その後パステルカラーやグレーなどの色も本も作り、
さらには補色などを見やすい色相環の色配合データも作成しました。
お陰様で念願だった「受注して塗る」スタイルから「塗った物を売る」と言う事も出来るようになりました。後者はまだ趣味の範囲ですが、これなら技術レベルが落ちた老後でも塗装を仕事として続けていけるのではと考えています。
元々作っていた色相環は極力彩度を落とさないビビッドカラーでしたが、
さらに淡い色のペールトーンの色相環を塗装で表現してみよう!と思った次第です。
それぞれを見本に合わせ、且つ他の色との兼ね合いも見ながら、さらには添加する質量をデータとして記録していく必要があります。一度足した分は引く事が出来ないので、ダメなら一旦捨てて(実際には捨てず下塗り用として取っておきます)一から作り直していきます。

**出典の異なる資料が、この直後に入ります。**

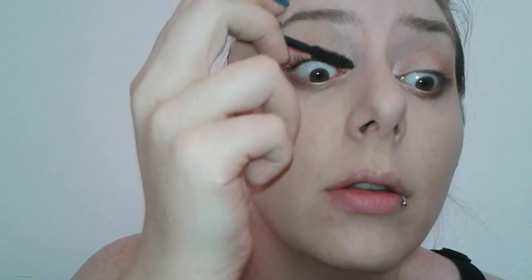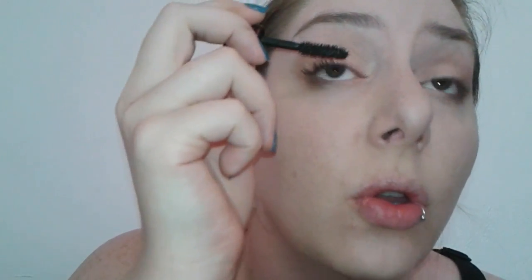I'm just gonna go ahead and get started. Do you guys see that? With just a few swipes — look at that! That's just with one coat, one application. There's the with mascara and without mascara. This stuff is amazing.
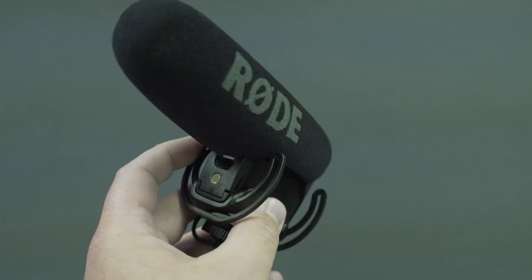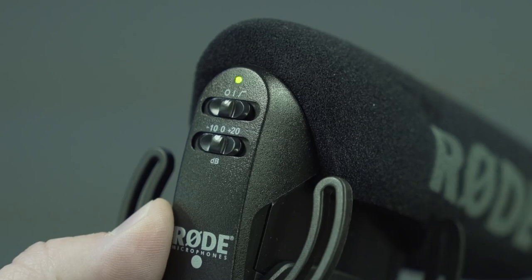Right now we're using the Rode VideoMic Pro, which is kind of my go-to on-camera microphone whenever shooting with a small camera like the a7s. It's just a great companion with it — it's already small, and when they took the original VideoMic and condensed it down to the VideoMic Pro, I was like, man, this is super small.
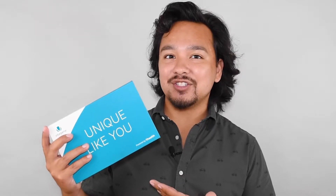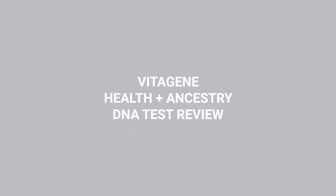Hello everyone, welcome back to another video. Today I'm going to be testing and reviewing VitaGene health and ancestry DNA testing — does it work? Let's find out together.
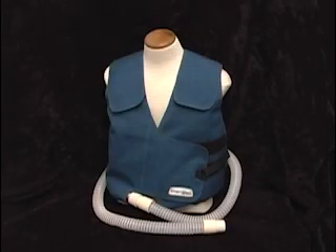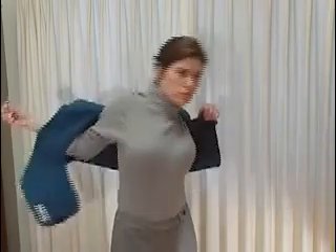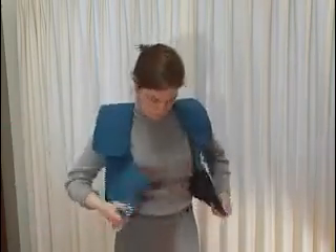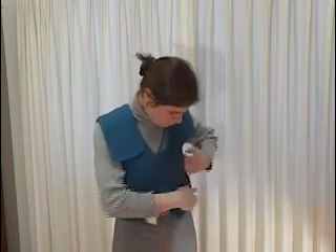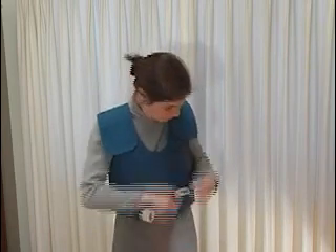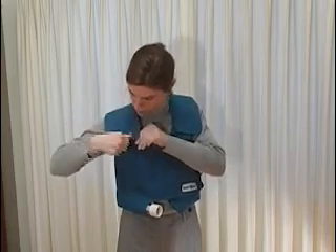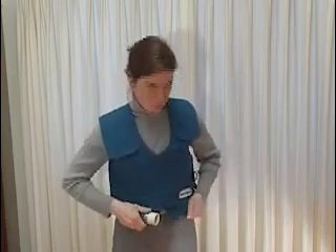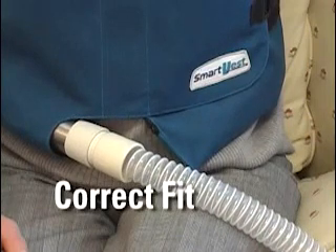Because the air pulses are delivered to the torso through your vest, it is very important to fit it correctly. Wear a single layer of clothing, such as a t-shirt. Put your vest on. The tummy flap should be adjusted so the SmartVest fits snugly, but not to the point where it restricts breathing. Adjust the shoulder straps so that the bottom of your vest is at your waist, or slightly below it. It should also be high enough so that it does not fold at your lap while you are sitting.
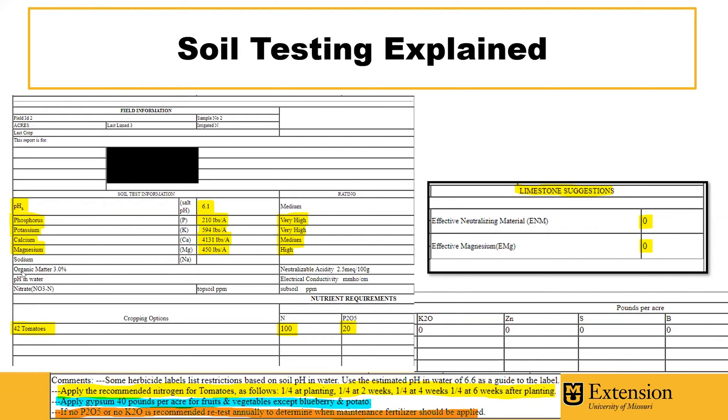You'll also receive information such as your soil organic matter, which the sample comes in at 3%, and you'll receive recommendations for the crop selected. This recommendation is for a tomato crop — we have 100 pounds of nitrogen per acre, as well as 20 pounds of phosphorus per acre recommended.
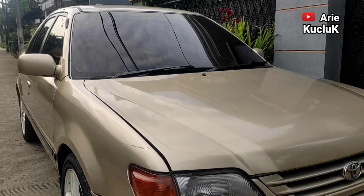Hai guys, ketemu lagi dengan saya, Ariku Jeluk. Kali ini saya akan memberikan tutorial cara mengganti washer pump mobil Toyota Soluna 1.5 Gli MT tahun 2000.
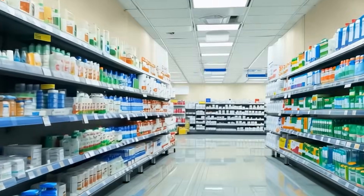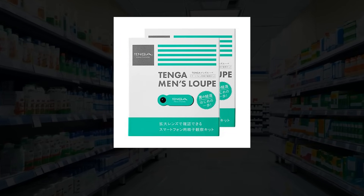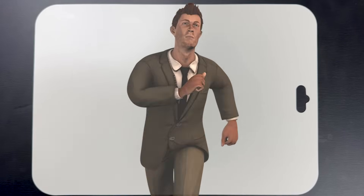I found a sperm observation kit at a local drugstore. I decided it was finally time to make a video about sperm, so I bought it and headed to the lab.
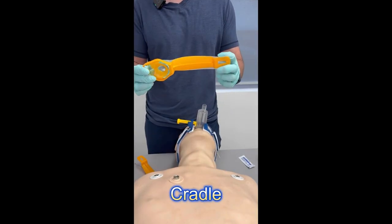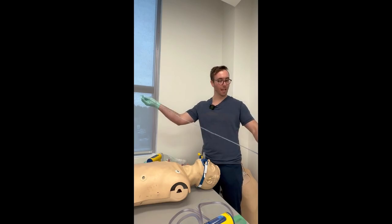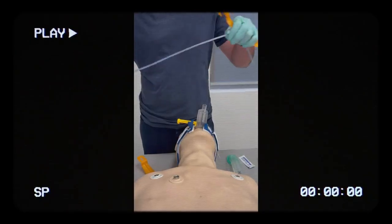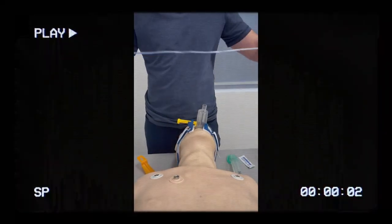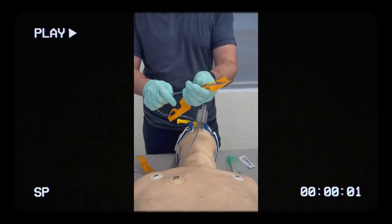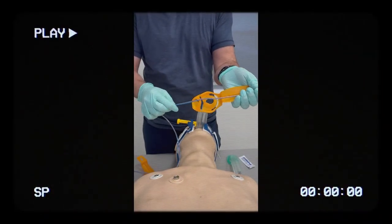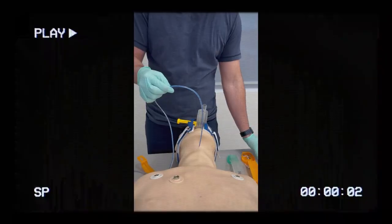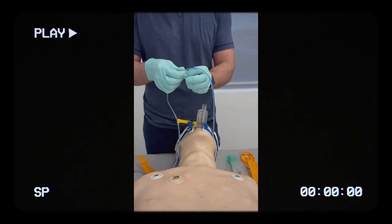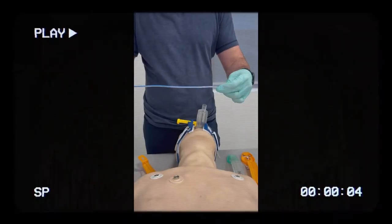Every i-gel comes in a package with a cradle — this is what the cradle looks like; it's not an airway introducer. These are the NG tubes recommended for services because they're long enough to actually reach the stomach. For the PCP length, you measure the cradle that corresponds to the i-gel you're inserting and then add two to five centimeters beyond that.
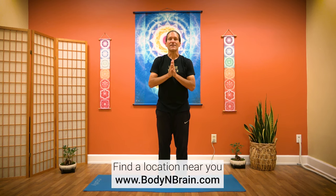Thank you for joining us for part three of the Three Treasures. If you haven't, check out part one and part two, and then we're going to have a session with the whole flow together, so please keep an eye out for that. If you'd like to experience a full one-hour Brain Education based class, please contact the Body and Brain center near you.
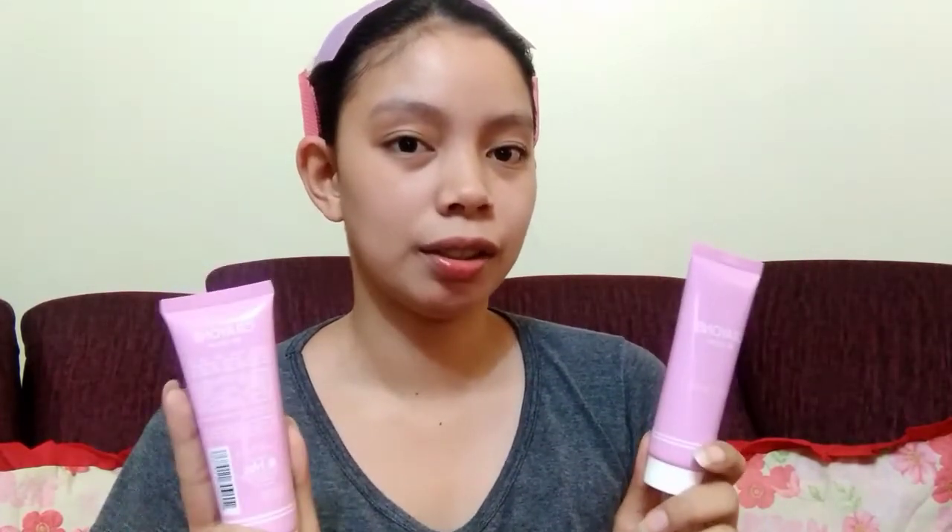Ang Crayons, meron lang silang two shades, which is Natural Beauty and Fair Lady. Iswatch natin sila para malaman natin yung shade nila. Unahin natin itong Natural Beauty. Ilalagay ko muna siya dito — for hygiene. Try natin siya sa leeg.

配合データを残すために計量しながらの作業になりますから、まあまあ時間が掛かります。なので仕事が終わってから毎日1~2時間掛けて少しずつ作っていきます。
こちらはグリーン系です。最初に作ったビビットな色だとそれぞれはっきり色味が違うのが判りますが、今回のペールカラーだと彩度を落とすと色相の差異が判り難くなるのでかなり微調整を行っています。
結果、先ほど掲載した青の3色は全てボツにして新たに作り直しました。上の画像だと右から左にいくに連れて赤味が増していく感じです。
最初のビビットカラーでは色見本(画像のRGB)を参考に極力彩度を落とさないよう色を調整しましたが、今回は隣合う色=類似色の違いが判るようにしました。
ボトル用のラベルも作りました。上の画像だとRGB値になっていますが、これとは別に配合データを記載した仕様もあります(そちらは当店用ですね)。
ただまだこれで終わりではなく、次はそれぞれの配合データ通りに色を作って今回の色との差異を確認、その後実際に12色を塗ってみてバランスを見て問題無ければ完成!といった感じになります。
塗料が完成したら色相環時計や色見本キーホルダーのパーツ、ベアブリックなども塗っておきたいですね(後で12色を塗るとなるとかなり大変なので…)。
ちなみに私的には大人な雰囲気のグレイッシュトーンも遣りたく、こちらはソリッドカラーではなくメタリック系、もしくは見る角度で色相が変わるクロマ系のパールを使っても面白いかと思っています。
まだまだ塗装でやりたい事があるので、このまま死ぬまで楽しく続けていけそうですね!